De facto, quando se compara o programa do PSD com este documento do governo, constatamos três diferenças essenciais:

  1. Primeiro, o programa do PSD é para a recuperação económica, para os próximos 2-3 anos; o documento do governo é uma lista de medidas para os próximos meses.
  2. Segundo, o programa do PSD, como expliquei nesta crónica, tem um objetivo estratégico, com objetivos operacionais, e no seguimento desses objetivos, enquadra as ações, medidas e programas; o documento do governo é, como referi, uma lista de intenções e medidas sem um propósito comum.
  3. Terceiro, como também referi atrás, o programa do PSD tem como foco as empresas e a iniciativa privada; o documento do governo é Estado e mais Estado.

Dizem-me que o programa económico do governo ainda está a ser preparado. Não sei se será conhecido esta semana com o orçamento suplementar ou se o governo espera pelas decisões Europeias, como referi anteriormente.

Provavelmente, o governo está, por um lado, à espera do tal “milagre Europeu” e, por outro lado, aguarda pelo “milagre do homem providencial”, o Eng Costa e Silva.

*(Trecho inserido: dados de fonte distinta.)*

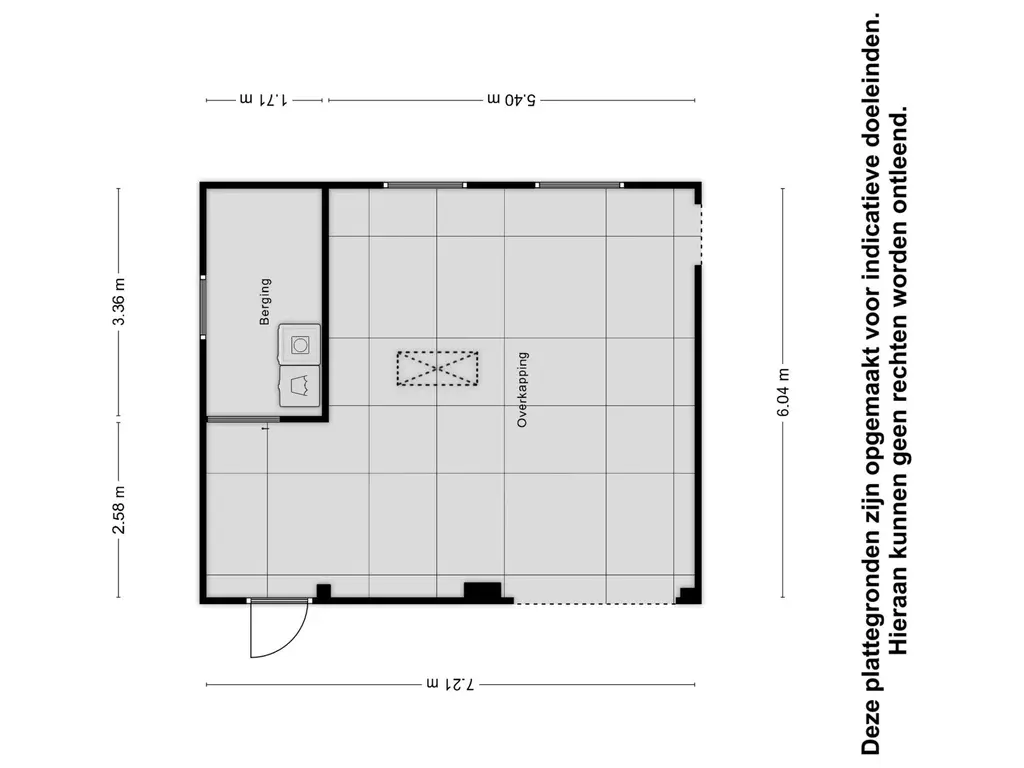 Stoofstraat 46, POORTVLIET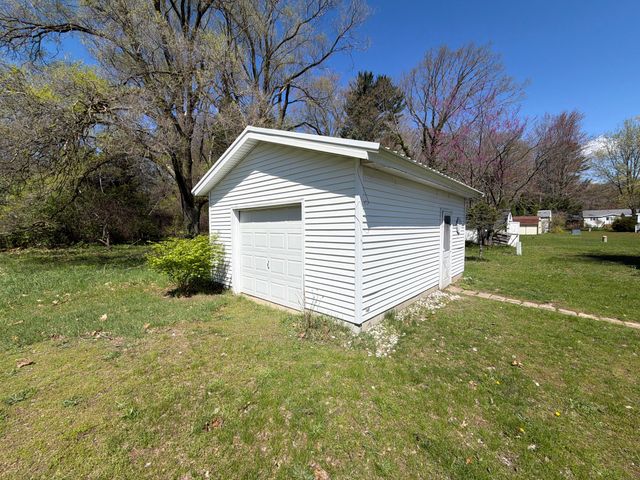 1681 Sycamore Drive, Muskegon Twp, MI 49445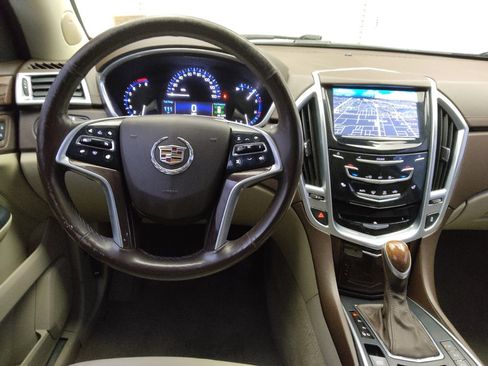 Used 2014 Cadillac SRX Performance w/ Driver Awareness Package image 22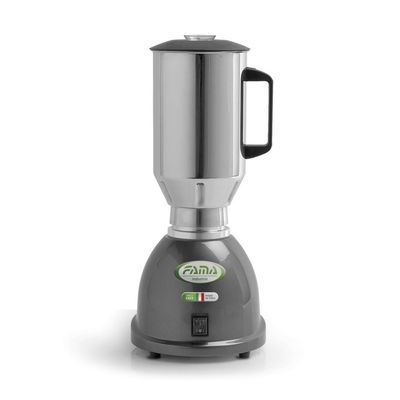 BLUE FARM | FAMA. Professional homogenizer for food use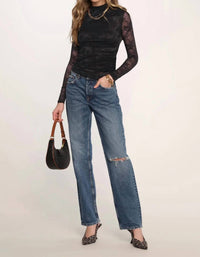 Heartloom - Fallon Top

Ao contrário do Presidente Macron em França, que criou uma equipa de economistas para o aconselhar (e nessa equipa está o nobel da economia Jean Tirole e o antigo economista chefe do FMI, e possível futuro nobel da economia, Olivier Blanchard), o governo preferiu entregar a elaboração do seu programa para a economia a uma única pessoa.

Mas se o governo apresentar o seu programa e seguir muitas das propostas do PSD (como as medidas fiscais, as de capitalização, as relacionadas com as exportações e a dimensão das empresas), então Portugal estará em condições de ter uma retoma mais rápida do que se o governo seguir a receita estafada e gasta de mais Estado e mais intervenção pública.

Tenho curiosidade em ver como irão reagir aqueles que criticaram o programa do PSD, se o programa que o governo vier a apresentar seguir uma linha próxima do nosso programa. Como de costume farão de conta que não disseram nada e vão acabar a elogiar o programa do governo. Mas cá estaremos para relembrar aos Portugueses esse facto.